The baseline-compare.js step exits non-zero when a metric's median falls outside [baseline − tolerance, baseline + tolerance], so the job becomes a required check. To close the loop and keep the baseline current, promote a fresh baseline after every clean main-branch run with Automating Baseline Promotion Workflows. For statistical change detection that adapts to the distribution rather than a fixed band, pair this with Automated Regression Detection.

Troubleshooting & Edge Cases

  • Baseline poisoning → a regression that merged to main gets folded into the next baseline, ratcheting the band up so the regression looks normal. Gate promotion on a clean run (see the promotion workflow) and store the Git SHA so a poisoned baseline can be rolled back.
  • Slow drift → tiny per-run regressions each stay inside the band but accumulate. Add an absolute ceiling derived from your field P75 alongside the rolling band, so the baseline can never drift past a hard limit.
  • Cold start / thin window → fewer than minSamples clean runs after trimming. Fall back to warn and a static ceiling until the window fills, rather than blocking on noise.
  • Bimodal metrics → a route with two code paths produces two clusters; a single percentile sits in the empty middle. Split the series by path or segment before deriving the baseline.
  • Window discontinuity after a deploy → an intentional architecture change shifts the true baseline. Reset the window (clear history before the change) so the band re-forms around the new normal instead of straddling both.
  • Cross-environment bleed → mobile samples leaking into a desktop series widen the band uselessly. Verify the series key (device, route, connection) on ingest.

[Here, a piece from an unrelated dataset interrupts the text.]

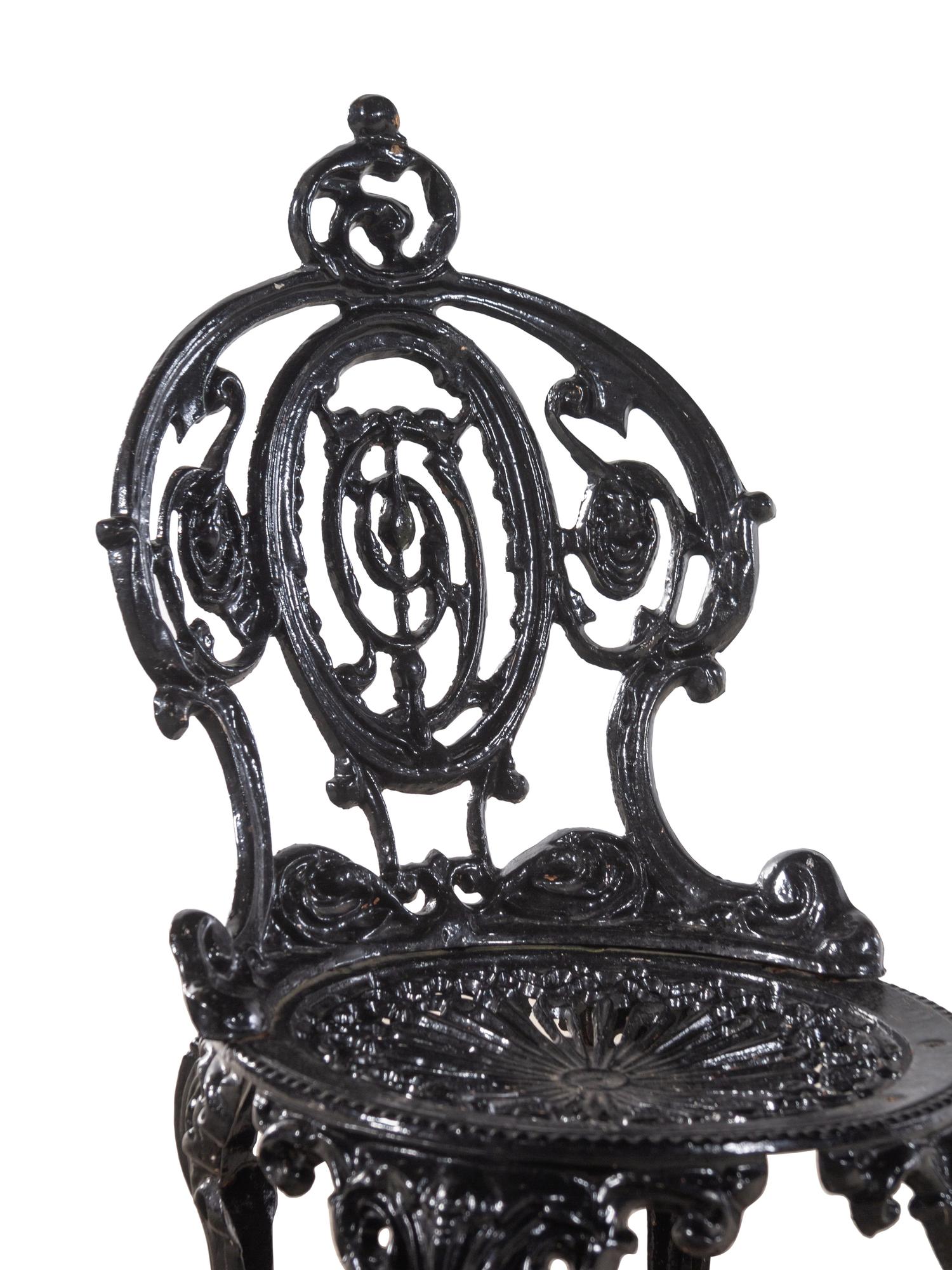 Three Cast Iron Garden Chairs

Frequently Asked Questions

How long should the rolling window be?

Long enough to hold at least 30 clean samples after outlier trimming, which on a daily pipeline is roughly 60–90 runs. Shorter windows chase noise; much longer windows lag real improvements. Start at 90 runs for mobile and 60 for desktop, then shorten only if the baseline reacts too slowly to deliberate wins. See Percentile-Based Threshold Tuning for picking the baseline percentile.

What stops a regression from quietly becoming the new baseline?

Only promote a new baseline from a run that already passed the gate on main, never from an arbitrary build. Storing the Git SHA with each baseline lets you audit and roll back if a bad one slips through. The mechanics live in Automating Baseline Promotion Workflows.

Should the tolerance be absolute or relative?

Use an absolute tolerance (in milliseconds) for time metrics with a meaningful floor like LCP and INP, and a relative tolerance (a percentage of the baseline) for metrics that scale with page size like script bytes. Size either one from the measured run-to-run standard deviation — roughly two standard deviations is a good first band.